I've some code like:
const methodsList = [
'foo',
'bar',
// ... 20 other items ...
]
export class Relayer {
constructor() {
for (const methodName of methodsList) {
this[methodName] = (...args) => {
// console.log('relaying call to', methodName, args)
// this is same for all methods
}
}
}
}
const relayer = new Relayer()
relayer.foo('asd') // TS error
relayer.bar('jkl', 123) // TS error
Now when I use the class instance, TypeScript complains when I call relayer.foo() or relayer.bar(). To make the code compile, I've to cast it as any or similar.
I've an interface that declares foo, bar and the other methods:
interface MyInterface {
foo: (a: string) => Promise<string>
bar: (b: string, c: number) => Promise<string>
// ... 20 other methods
}
How do I get TypeScript to learn the dynamically declared foo and bar class methods? Can the declare syntax be useful here?
First step is to create a type or interface where when indexed by a value in methodsList, the result will be a function:
// The cast to const changes the type from `string[]` to
// `['foo', 'bar']` (An array of literal string types)
const methodsList = [
'foo',
'bar'
] as const
type HasMethods = { [k in typeof methodsList[number]]: (...args: any[]) => any }
// Or
type MethodNames = typeof methodsList[number] // "foo" | "bar"

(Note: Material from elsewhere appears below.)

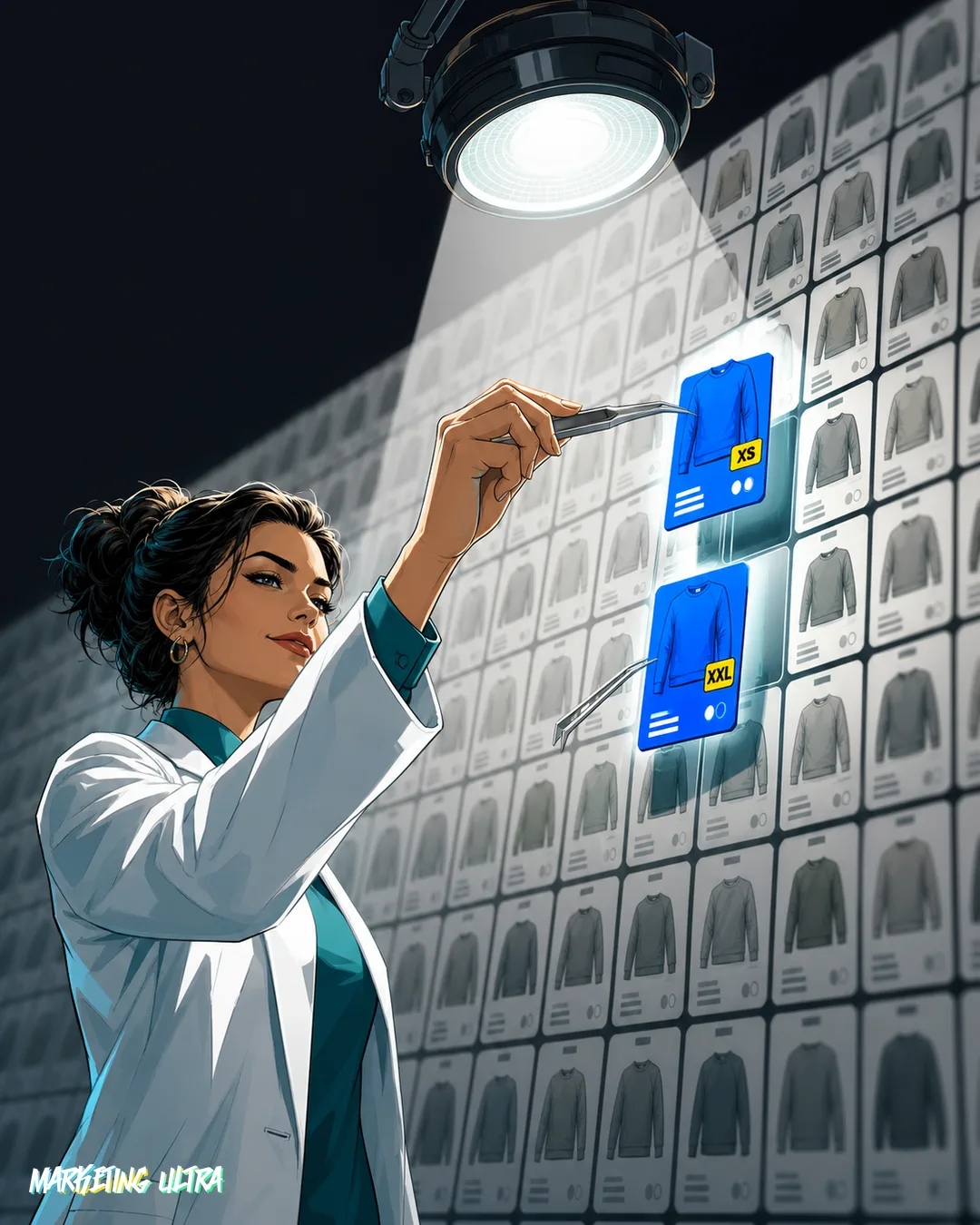 Ilustración editorial de una figura con bata de laboratorio que extrae con pinzas quirúrgicas dos tarjetas de producto concretas —talla XS y XXL en azul— de una enorme pared iluminada con cientos de variantes idénticas.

// k is either "foo" or "bar", and obj[k] is any function
type HasMethods = { [k in MethodNames]: (...args: any[]) => any }
Then, in the constructor, to be able to assign the keys of methodsList, you can add a type assertion that this is HasMethods:
// General purpose assert function
// If before this, value had type `U`,
// afterwards the type will be `U & T`
declare function assertIs<T>(value: unknown): asserts value is T
class Relayer {
constructor() {
assertIs<HasMethods>(this)
for (const methodName of methodsList) {
// `methodName` has type `"foo" | "bar"`, since
// it's the value of an array with literal type,
// so can index `this` in a type-safe way
this[methodName] = (...args) => {
// ...
}
}
}
}
Now after constructing, you have to cast the type still:
const relayer = new Relayer() as Relayer & HasMethods
relayer.foo('asd')
relayer.bar('jkl', 123)
You can also get rid of the casts when constructed using a factory function:
export class Relayer {
constructor() {
// As above
}
static construct(): Relayer & HasMethods {
return new Relayer() as Relayer & HasMethods
}
}
const relayer = Relayer.construct()
Another way around it is to create a new class and type-assert that new results in a HasMethods object:
class _Relayer {
constructor() {
assertIs<HasMethods>(this)
for (const methodName of methodsList) {
this[methodName] = (...args) => {
// ...
}
}
}
}
export const Relayer = _Relayer as _Relayer & { new (): _Relayer & HasMethods }
const relayer = new Relayer();
relayer.foo('asd')
relayer.bar('jkl', 123)
Or if you are only using new and then methods in methodsList, you can do:
export const Relayer = class Relayer {
constructor() {
assertIs<HasMethods>(this)
for (const methodName of methodsList) {
this[methodName] = (...args) => {
// ...
}
}
}
} as { new (): HasMethods };
You can also use your MyInterface interface instead of HasMethods, skipping the first step. This also gives type-safety in your calls.
Use the following syntax:
export class Relayer {
constructor() {}
public foo(){
// your foo method
this.executedOnEachFunction();
}
public bar(){
// your bar method
this.executedOnEachFunction();
}
executedOnEachFunction(){
// what you want to do everytime
}
}
https://repl.it/repls/LawfulSurprisedMineral
To me, this sounds like a need for an interface.
interface MyInterface {
foo(): void; // or whatever signature/return type you need
bar(): void;
// ... 20 other items ...
}
export class Relayer implements MyInterface {
constructor() {}
foo(): void {
// whatever you want foo to do
}
// ... the rest of your interface implementation
}
What it looks like you are doing is implementing some interface of sorts. In your constructor you are defining what the method implementations are instead of defining them in the class body. Might help to read Class Type Interfaces
A.js:
// #flow
export interface A {
propA: string;
method(): void;
}
B.js:
// #flow
import { A } from "../interfaces/A.js";
export class B implements A {
propA: string;
// Additional properties here...
method() { //do stuff }
// Additional methods here...
};
main.js:
// #flow
import { A } from "../interfaces/A.js";
import { B } from "../classes/B.js";
export const processA = (w: string, obj: A): string => {
return processB(w, obj);
};
const processB = (_w: string, _obj: B): string => {
return _w;
};
Error: Cannot call 'processB' with 'obj' bound to '_obj' because 'A' [1] is incompatible with 'B' [2].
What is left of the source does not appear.